Ante la duda, nada mejor que dejarse llevar por el frondoso ímpetu rítmico, seguir los pasos de baile torcidos de la banda e impregnarse de ese colosal espíritu festivo con el que Byrne quiere hacer del mundo un lugar un poco menos feo. Porque, si en el principio fue el ritmo, un minuto después apareció por ahí el escocés para retorcerlo, llevárselo de paseo por todos los rincones del globo y devolverlo en forma de concierto memorable como el que ofreció anoche en Barcelona.

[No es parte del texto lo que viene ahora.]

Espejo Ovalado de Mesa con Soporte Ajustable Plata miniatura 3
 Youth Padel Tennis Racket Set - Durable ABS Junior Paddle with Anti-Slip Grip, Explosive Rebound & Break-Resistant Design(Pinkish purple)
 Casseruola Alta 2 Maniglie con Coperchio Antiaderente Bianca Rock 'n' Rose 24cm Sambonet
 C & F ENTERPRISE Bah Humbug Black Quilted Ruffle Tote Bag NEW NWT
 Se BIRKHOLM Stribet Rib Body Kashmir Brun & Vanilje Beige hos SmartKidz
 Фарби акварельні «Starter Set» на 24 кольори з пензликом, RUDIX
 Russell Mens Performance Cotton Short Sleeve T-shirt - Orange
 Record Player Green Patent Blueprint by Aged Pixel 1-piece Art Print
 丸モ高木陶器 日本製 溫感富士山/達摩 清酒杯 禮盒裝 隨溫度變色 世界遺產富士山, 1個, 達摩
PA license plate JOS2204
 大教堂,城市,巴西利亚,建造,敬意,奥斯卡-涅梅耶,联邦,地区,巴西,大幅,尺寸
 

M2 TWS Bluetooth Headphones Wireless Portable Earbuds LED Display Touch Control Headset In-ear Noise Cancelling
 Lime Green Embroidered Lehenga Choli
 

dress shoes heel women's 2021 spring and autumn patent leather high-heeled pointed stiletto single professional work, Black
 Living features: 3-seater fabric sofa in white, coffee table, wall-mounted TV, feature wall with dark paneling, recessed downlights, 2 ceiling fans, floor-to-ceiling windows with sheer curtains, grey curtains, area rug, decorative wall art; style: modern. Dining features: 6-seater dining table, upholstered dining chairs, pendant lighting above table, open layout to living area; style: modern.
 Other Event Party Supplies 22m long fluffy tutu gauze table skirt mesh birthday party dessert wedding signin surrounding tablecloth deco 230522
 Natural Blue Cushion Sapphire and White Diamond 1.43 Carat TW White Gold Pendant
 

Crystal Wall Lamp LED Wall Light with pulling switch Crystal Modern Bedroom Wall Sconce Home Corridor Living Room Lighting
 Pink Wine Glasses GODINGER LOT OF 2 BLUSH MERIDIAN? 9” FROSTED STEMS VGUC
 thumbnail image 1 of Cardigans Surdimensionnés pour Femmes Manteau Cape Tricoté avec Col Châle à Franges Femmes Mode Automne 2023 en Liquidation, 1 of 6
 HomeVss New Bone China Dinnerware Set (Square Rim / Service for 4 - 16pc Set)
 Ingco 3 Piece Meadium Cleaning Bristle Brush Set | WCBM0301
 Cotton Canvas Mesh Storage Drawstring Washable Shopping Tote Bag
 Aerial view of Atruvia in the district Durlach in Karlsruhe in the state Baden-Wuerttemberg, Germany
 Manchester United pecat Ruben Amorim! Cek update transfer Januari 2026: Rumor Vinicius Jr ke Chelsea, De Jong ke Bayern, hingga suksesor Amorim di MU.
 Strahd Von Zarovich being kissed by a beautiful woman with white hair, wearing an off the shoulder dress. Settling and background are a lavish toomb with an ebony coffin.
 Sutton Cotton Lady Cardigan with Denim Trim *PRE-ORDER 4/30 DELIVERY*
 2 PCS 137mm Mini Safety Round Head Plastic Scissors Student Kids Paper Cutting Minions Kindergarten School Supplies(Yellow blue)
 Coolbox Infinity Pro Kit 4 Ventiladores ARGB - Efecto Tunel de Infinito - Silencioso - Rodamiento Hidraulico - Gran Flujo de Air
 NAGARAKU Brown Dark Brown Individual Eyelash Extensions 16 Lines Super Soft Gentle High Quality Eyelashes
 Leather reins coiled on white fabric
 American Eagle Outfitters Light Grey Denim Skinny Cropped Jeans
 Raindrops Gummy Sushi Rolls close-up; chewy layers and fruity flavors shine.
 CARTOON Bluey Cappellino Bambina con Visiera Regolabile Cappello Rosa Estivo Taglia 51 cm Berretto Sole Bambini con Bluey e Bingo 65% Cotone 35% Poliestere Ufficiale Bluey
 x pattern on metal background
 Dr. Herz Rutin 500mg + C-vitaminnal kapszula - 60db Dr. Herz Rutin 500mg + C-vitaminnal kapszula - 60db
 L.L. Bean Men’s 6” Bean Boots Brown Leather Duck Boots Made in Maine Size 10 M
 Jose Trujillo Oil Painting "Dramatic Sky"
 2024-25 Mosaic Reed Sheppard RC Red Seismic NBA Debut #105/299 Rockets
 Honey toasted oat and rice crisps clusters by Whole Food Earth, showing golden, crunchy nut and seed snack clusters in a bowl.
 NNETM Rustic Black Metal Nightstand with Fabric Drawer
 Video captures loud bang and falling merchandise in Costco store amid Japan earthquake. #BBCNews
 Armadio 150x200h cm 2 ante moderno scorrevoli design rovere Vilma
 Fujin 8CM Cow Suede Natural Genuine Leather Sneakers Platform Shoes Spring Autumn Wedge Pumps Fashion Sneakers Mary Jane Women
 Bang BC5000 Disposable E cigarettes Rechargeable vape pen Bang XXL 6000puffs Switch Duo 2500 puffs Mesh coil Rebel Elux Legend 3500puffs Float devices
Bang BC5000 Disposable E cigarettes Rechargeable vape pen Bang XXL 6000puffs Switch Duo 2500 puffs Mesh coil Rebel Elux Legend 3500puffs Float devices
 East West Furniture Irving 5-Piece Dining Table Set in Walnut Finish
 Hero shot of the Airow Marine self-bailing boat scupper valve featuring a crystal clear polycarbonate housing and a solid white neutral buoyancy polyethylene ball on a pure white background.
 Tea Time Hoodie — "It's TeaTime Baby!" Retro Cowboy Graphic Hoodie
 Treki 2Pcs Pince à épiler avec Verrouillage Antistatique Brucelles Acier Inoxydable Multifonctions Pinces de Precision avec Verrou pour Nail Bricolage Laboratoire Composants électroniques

Una abrumadora fiesta de estética futurista en la que los músicos, todos con sus instrumentos a cuestas, reforzaron el armazón del reluciente «American Utopia» mientras un Byrne en estado de gracia deslizaba citas a su antigua banda –«si «This Must Be The Place» y «Blind» ya fueron de nota, lo de «Once In A Lifetime» y «Burning Down The House» fue sencillamente maravilloso–, capitaneaba coreografías robóticas y, como canta en «I Dance Like This», bailaba raro simplemente porque le sienta de maravilla.

Como ya hiciera en el Palau de la Música hace casi diez años, el autor de «Psycho Killer» no se conformó con sacar sus galones a pasear y volvió a demostrar que si sigue saliendo a la carretera es porque tiene algo que decir. O, mejor dicho, mucho que enseñar; ya sean los aleteos encatadoramente patosos de «Everyday Is a Miracle», el pálpito adhesivo de «Everybody's Coming To My House», los recosidos afropop de una renovada «I Zimbra» o ese escenario tan aparentemente desnudo -ni cables ni amplificadores a la vista- como lleno de vida.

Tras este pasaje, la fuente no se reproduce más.